Unprecedented Heat Wave Sweeps Across Southern and Western U.S., Breaking Records and Threatening Lives

Heat wave pushes temperatures to record highs in southern and western US

Mid-July marks the hottest time of the year for many in the Lower 48 states, but the current heat wave sweeping across the southern and western US is breaking records and pushing temperatures into uncharted territory. At least 10 states are expected to experience triple-digit temperatures over the weekend, with cities like Phoenix, Las Vegas, Fresno, and Salt Lake City approaching all-time record highs.

As of Friday, nearly 115 million Americans are under heat alerts, spanning from South Florida to the interior of Washington state. This number is expected to increase as the hot weather peaks and covers more territory. The heat wave has already set longevity records from Florida to Arizona and shows no signs of easing.

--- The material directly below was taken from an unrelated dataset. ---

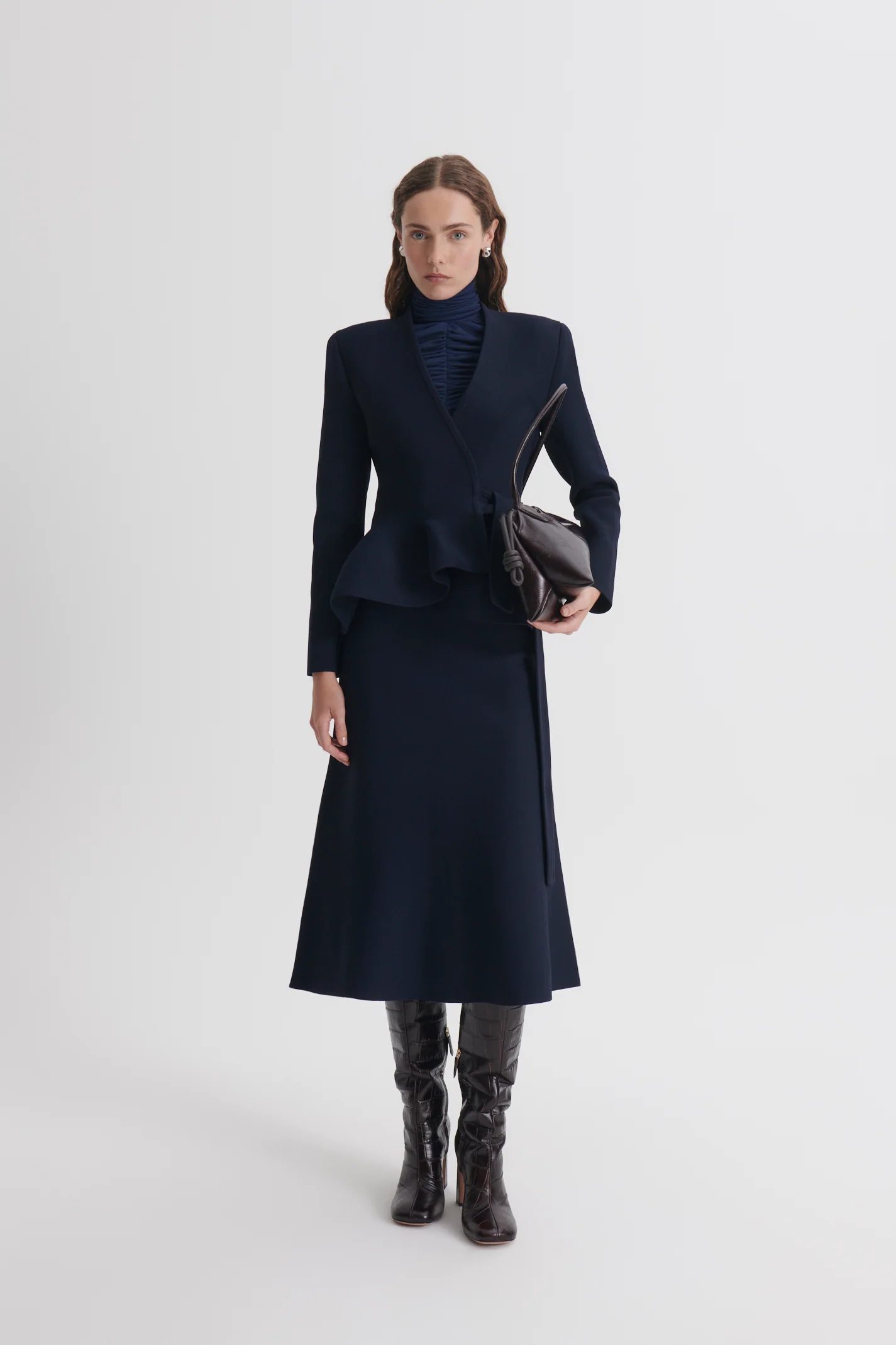 CREPE KNIT WRAP JACKET - Image 3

El Paso has experienced a record-breaking 27 consecutive days at or above 100 degrees, while Phoenix is on track to reach 15 consecutive days at or above 110 degrees, closing in on the record of 18 days. Miami has also reached a record-breaking 33 consecutive days with heat indexes of at least 100.

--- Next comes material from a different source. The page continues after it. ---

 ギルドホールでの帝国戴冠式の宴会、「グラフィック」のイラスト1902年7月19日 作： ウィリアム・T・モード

The Southeast, Gulf Coast, and southern Plains are facing extraordinary heat indexes due to tropical levels of humidity. On Thursday, Paul’s Valley, Oklahoma, observed a heat index of 126 degrees, the highest in the state’s history. In the Southwest, where the heat is dry, temperatures have already surpassed 110 degrees and could reach 120 or higher over the weekend. The air temperature in Death Valley, California, may even reach 130 degrees, matching or exceeding the highest reliably measured reading worldwide.

The National Weather Service has issued warnings for the potential of heat-related illnesses, particularly for those working or participating in outdoor activities. This extreme heat wave is occurring during the hottest period for the planet in modern records.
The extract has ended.